Hyatt resort to replace Sea Castle

The OLD building just got torn down!

Hyatt resort to replace Sea Castle --
The former Sea Castle motel has been demolished, and construction will start in the spring on a new resort property.

The Hyatt Siesta Key Beach resort at 1002 Seaside Drive will front 300 linear feet of Crescent Beach, named last spring among the nation's top 10 beaches, according to Larry Shulman, senior vice president for Hyatt Vacation Ownership, Inc., a wholly-owned subsidiary of the Global Hyatt Corp.

"We think this is an extraordinarily unique situation, fantastic beach, beautiful water, sunsets, and you're a stone's throw from the culture available in Sarasota," Shulman said.

The company expects interest from local buyers who might enjoy trading ownership rights for access to other Hyatt residence club resorts or hotels, Shulman said.

"We have every reason to believe through an early survey we've done (that) they'll be a very significant local contingent of owners more likely to purchase in summertime rather than wintertime," he said.

The resort will offer 44 furnished residences, 1,600-2,600 square feet, with privileges at an adjoining beach club. The units will cost from $200,000 to $750,000.

The Hyatt Siesta Key will offer some hotel-like amenities, like valet parking, full-time front desk, concierge, pool, fitness center, locker room and spa and massage treatment rooms.

Occupancy is planned for 2009.

The first phase of the project will include 11 units to be sold as "fractional ownership" residences.

Although sometimes mistakenly compared to a time-share, fractional owners are deeded partial ownership, in this case one-eighth of the unit, with shared-use privileges. It eliminates the expense and hassle of a wholly-owned vacation residence, developers said.

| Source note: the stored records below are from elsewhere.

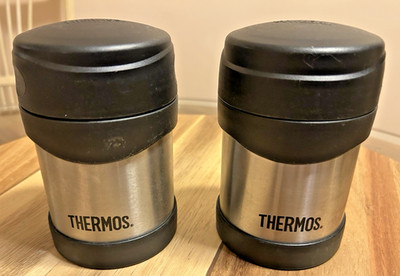 Set of 2 Thermos Thermax Maximum Vacuum Insulated Stainless Steel Food Container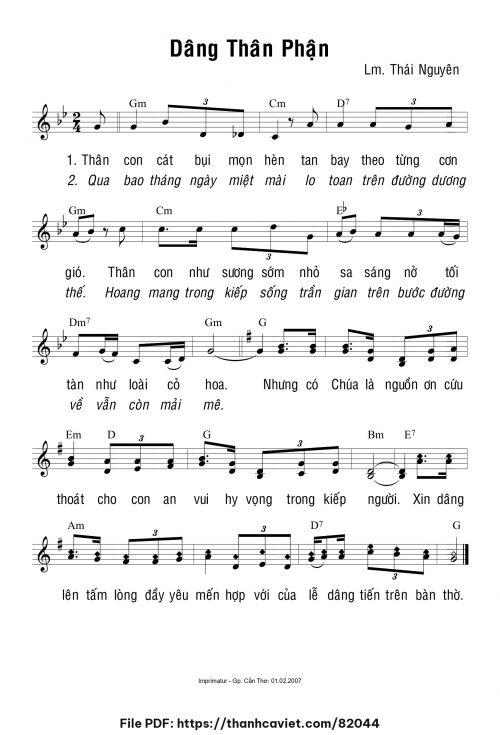 Dâng thân phận - Lm. Thái Nguyên - trang 1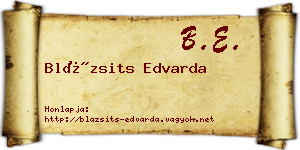 Blázsits Edvarda névjegykártya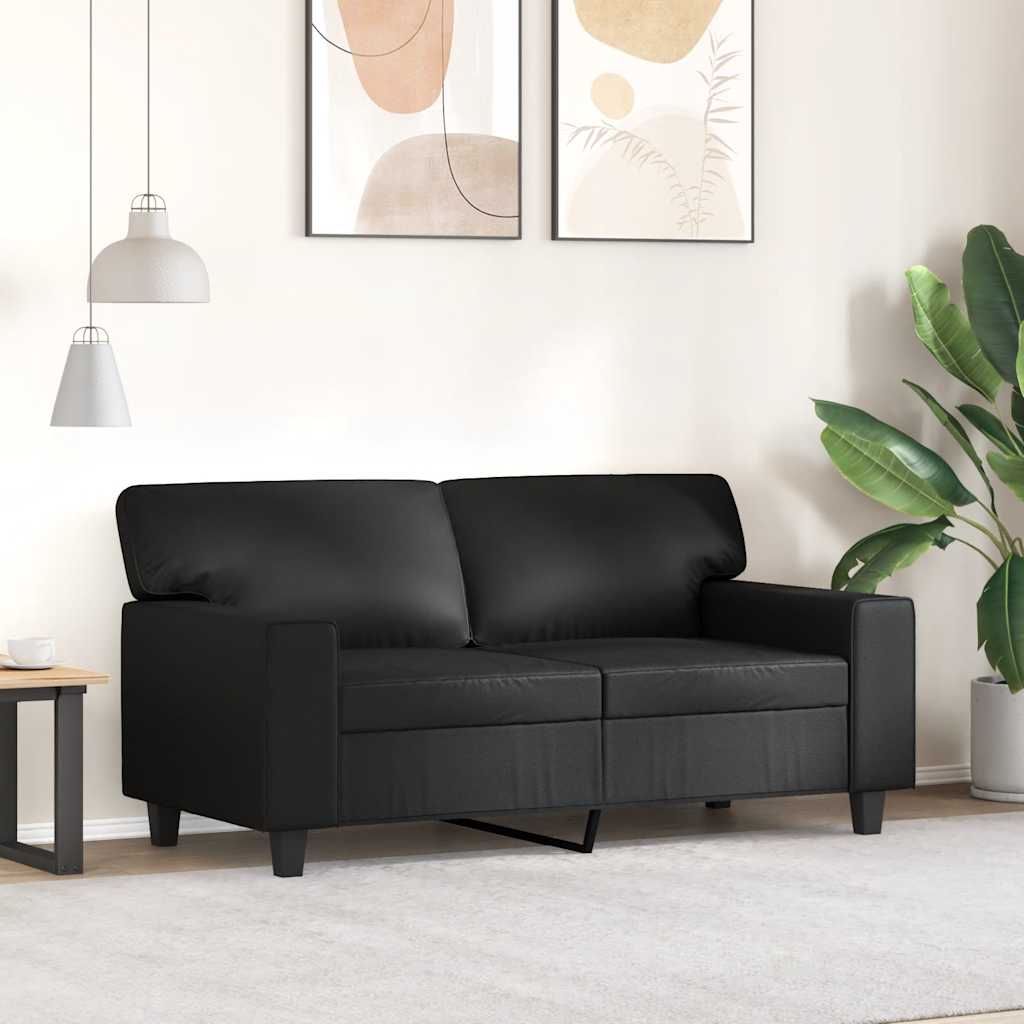 2-Seater Sofa Black 120 cm Faux Leather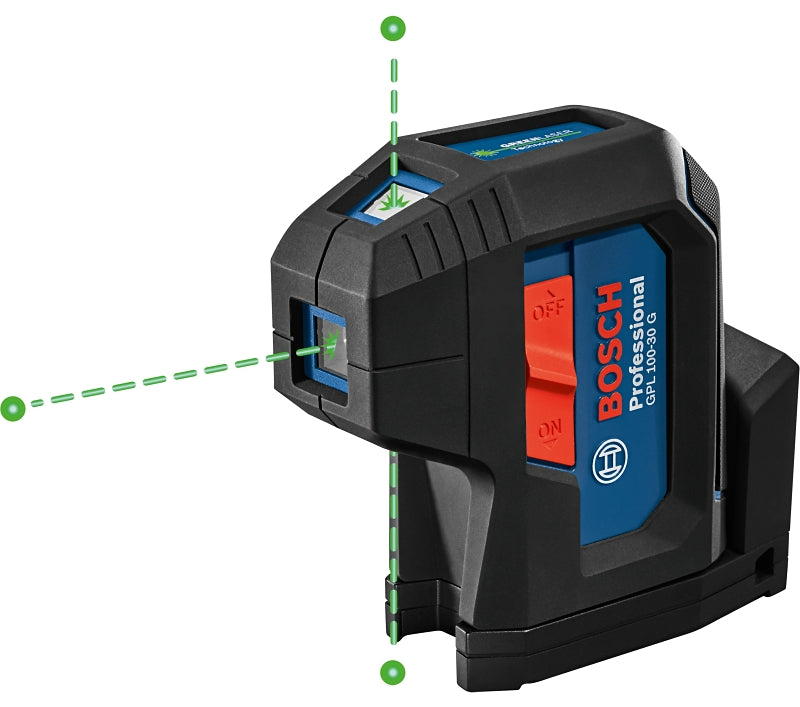 S-B POWER TOOL Bosch GPL100-30G Three-Point Alignment Laser Level, 125 ft, +/-1/8 in at 30 ft Accuracy, 2-Beam, Green Laser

"Effectively, there'll be eight owners of each residence," explained Shulman of the resort. Hyatt has similar properties nationwide in places like Bonita Springs, Aspen, Beaver Creek and Breckenridge, Colo., and Lake Tahoe, Nev. Global Hyatt Corp. also is developing one at Fifth Avenue in New York    City.


----------



## cookinmamma (Jan 17, 2008)

Carmel85 said:


> Although sometimes mistakenly compared to a time-share, fractional owners are deeded partial ownership, in this case one-eighth of the unit, with shared-use privileges. It eliminates the expense and hassle of a wholly-owned vacation residence, developers said.
> 
> "Effectively, there'll be eight owners of each residence," explained Shulman of the resort. Hyatt has similar properties nationwide in places like Bonita Springs, Aspen, Beaver Creek and Breckenridge, Colo., and Lake Tahoe, Nev. Global Hyatt Corp. also is developing one at Fifth Avenue in New York    City.



Great!! But it seems to me that the Million Dollar Question is whether & how these fractional ownership "Residence Club" units will be accessible to us ordinary HVC owners.  (I'll be asking the reps when we are in Carmel in March!)  I'm hoping they will be defined as "Component Resorts" Or "Club Resorts" or "Affiliate Resorts" so HVC members can use them under the rules!!  And am hoping for news of Hawaii too....


----------



## mesamirage (Jan 17, 2008)

I speculate that they are... because many of these new resorts like Beaver Creek, New York, Northstar, etc... are being sold with a Peak week + 10 floating days.... but those still have points associated with them that allows the High $$$ owner to have access to all the Hyatts VC's. Hyatt uses access to our lower class units (just kidding) as an option for the big spenders to visit.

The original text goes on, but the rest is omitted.